## [WORK TO COMPLETE]
The reply to the records below should contain exactly the lines from the line with "Рюкзак Johnny Urban" through the line with "580 MEGA Branding", and nothing besides.
---------- EXCERPTED DATA ----------
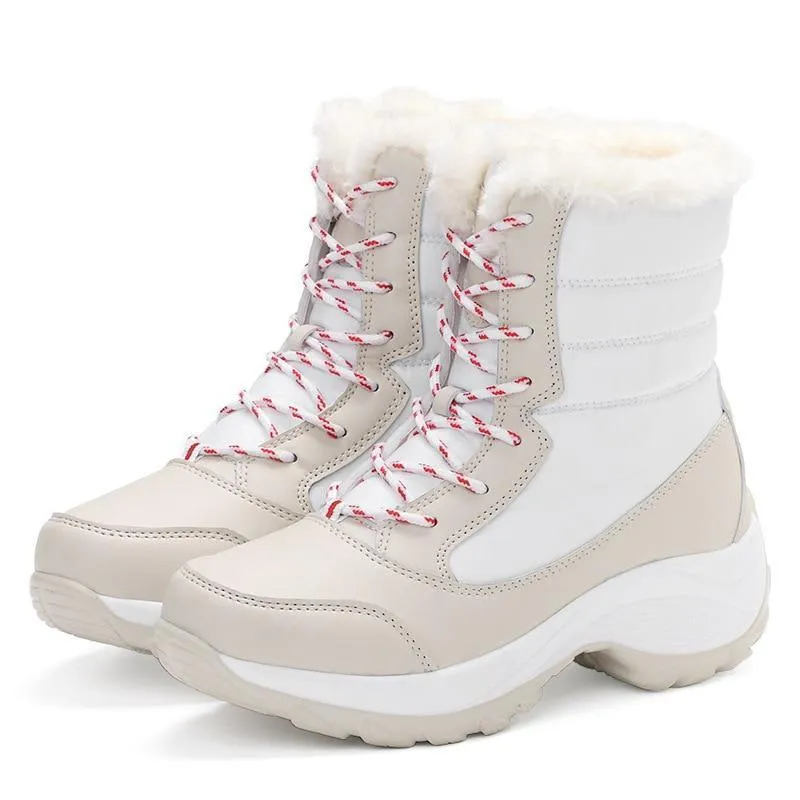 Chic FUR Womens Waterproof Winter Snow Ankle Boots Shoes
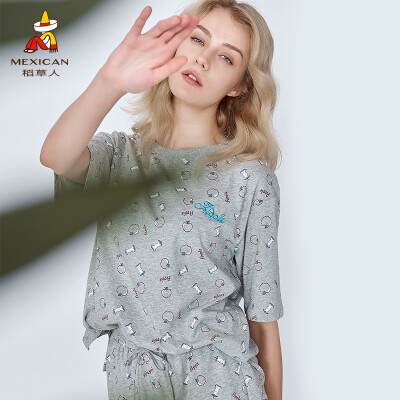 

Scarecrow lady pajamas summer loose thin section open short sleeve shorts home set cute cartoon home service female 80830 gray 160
----------
---------- EXCERPTED DATA ----------
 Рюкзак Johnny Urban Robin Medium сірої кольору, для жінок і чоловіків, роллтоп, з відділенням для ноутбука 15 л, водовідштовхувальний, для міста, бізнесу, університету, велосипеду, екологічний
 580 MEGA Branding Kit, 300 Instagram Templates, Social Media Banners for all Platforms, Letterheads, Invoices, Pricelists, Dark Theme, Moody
----------
## [EXERCISE ANSWER]
 Рюкзак Johnny Urban Robin Medium сірої кольору, для жінок і чоловіків, роллтоп, з відділенням для ноутбука 15 л, водовідштовхувальний, для міста, бізнесу, університету, велосипеду, екологічний
 580 MEGA Branding Kit, 300 Instagram Templates, Social Media Banners for all Platforms, Letterheads, Invoices, Pricelists, Dark Theme, Moody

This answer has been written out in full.